There’s more weird blather about how the two of them—wealthy retirees—maintain a work/life balance, Ecclestone’s love of dictatorship (seriously, that’s not a joke), and finally, our big boy President, Donald Trump.
“You’re a fan of Trump, for example, in that sense as well? He’s a bit of a dictator, and he gets stuff done, in your words, right? ” Rosberg says.
“Trump is the best thing that’s happened to the world in the last few years,” Ecclestone responds.
“The best thing?” Rosberg asks.
“He’s woken everybody up,” Ecclestone tells us. “You know he’s done things, if there was a board (which there should be in America I suppose), would never do what he’s done.”
“What’s the best two things he’s done so far?” Rosberg asks again.
“I don’t think there’s anything really wrong,” Ecclestone replies.
“Well the best thing he’s done so far, which he’s manage to implement and get the job done?” Rosberg presses.
“Well he’s sorted people out, people coming into his country that shouldn’t be there,” Ecclestone says. “And saying, ‘this shouldn’t happen to other countries.’”
“You think that’s the best message, thing he’s done?” Rosberg responds.
“One of the best things, yeah,” Ecclestone says. Ecclestone goes on to say that Trump was not impressive when they met in person years ago.
“But now that we’re on the topic of life, Nelson Mandela, you also met him,” Rosberg naturally segues away.
Ecclestone goes on to tell an anecdote about the South African leader and famed anti-Apartheid activist, with the takeaway being that “white people aren’t so bad” in Ecclestone’s words, which is... one banger of a takeaway from a meeting with Nelson Mandela.

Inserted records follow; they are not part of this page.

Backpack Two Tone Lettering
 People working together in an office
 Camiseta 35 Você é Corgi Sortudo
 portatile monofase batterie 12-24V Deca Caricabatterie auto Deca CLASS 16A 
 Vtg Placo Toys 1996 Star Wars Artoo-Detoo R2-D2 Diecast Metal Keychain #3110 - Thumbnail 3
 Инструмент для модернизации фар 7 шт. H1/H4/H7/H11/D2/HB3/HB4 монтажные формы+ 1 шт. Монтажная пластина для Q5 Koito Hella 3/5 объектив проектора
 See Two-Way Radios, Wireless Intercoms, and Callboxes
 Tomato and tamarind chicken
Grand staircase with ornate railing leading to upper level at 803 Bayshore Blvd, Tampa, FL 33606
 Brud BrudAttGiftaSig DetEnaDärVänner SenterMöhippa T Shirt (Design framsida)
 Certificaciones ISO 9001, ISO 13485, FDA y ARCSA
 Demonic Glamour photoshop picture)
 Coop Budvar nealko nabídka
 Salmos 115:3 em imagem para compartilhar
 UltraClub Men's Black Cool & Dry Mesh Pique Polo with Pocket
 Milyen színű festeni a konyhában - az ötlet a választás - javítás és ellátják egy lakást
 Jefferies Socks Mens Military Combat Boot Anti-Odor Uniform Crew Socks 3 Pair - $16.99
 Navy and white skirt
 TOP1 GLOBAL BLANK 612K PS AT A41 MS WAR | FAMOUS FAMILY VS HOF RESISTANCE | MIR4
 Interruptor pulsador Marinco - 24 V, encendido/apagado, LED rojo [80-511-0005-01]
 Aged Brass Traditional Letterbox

Rosberg goes on to note Mandela’s “ability for compassion” which was his strongest asset, “which is what a lot of people say about you as well.”
“You love helping everybody who is dear to you and who is around you,” Rosberg says to the man who not 10 minutes earlier was praising the cause of fascism.
They go on to talk about F1 overtaking, how nice it is to sit on a balcony overlooking the Mediterranean, how nice it is to drop Ecclestone’s name to get tables at restaurants, and then how Fernando Alonso has no social skills and that’s what his biggest problem is, the no-social-skills thing.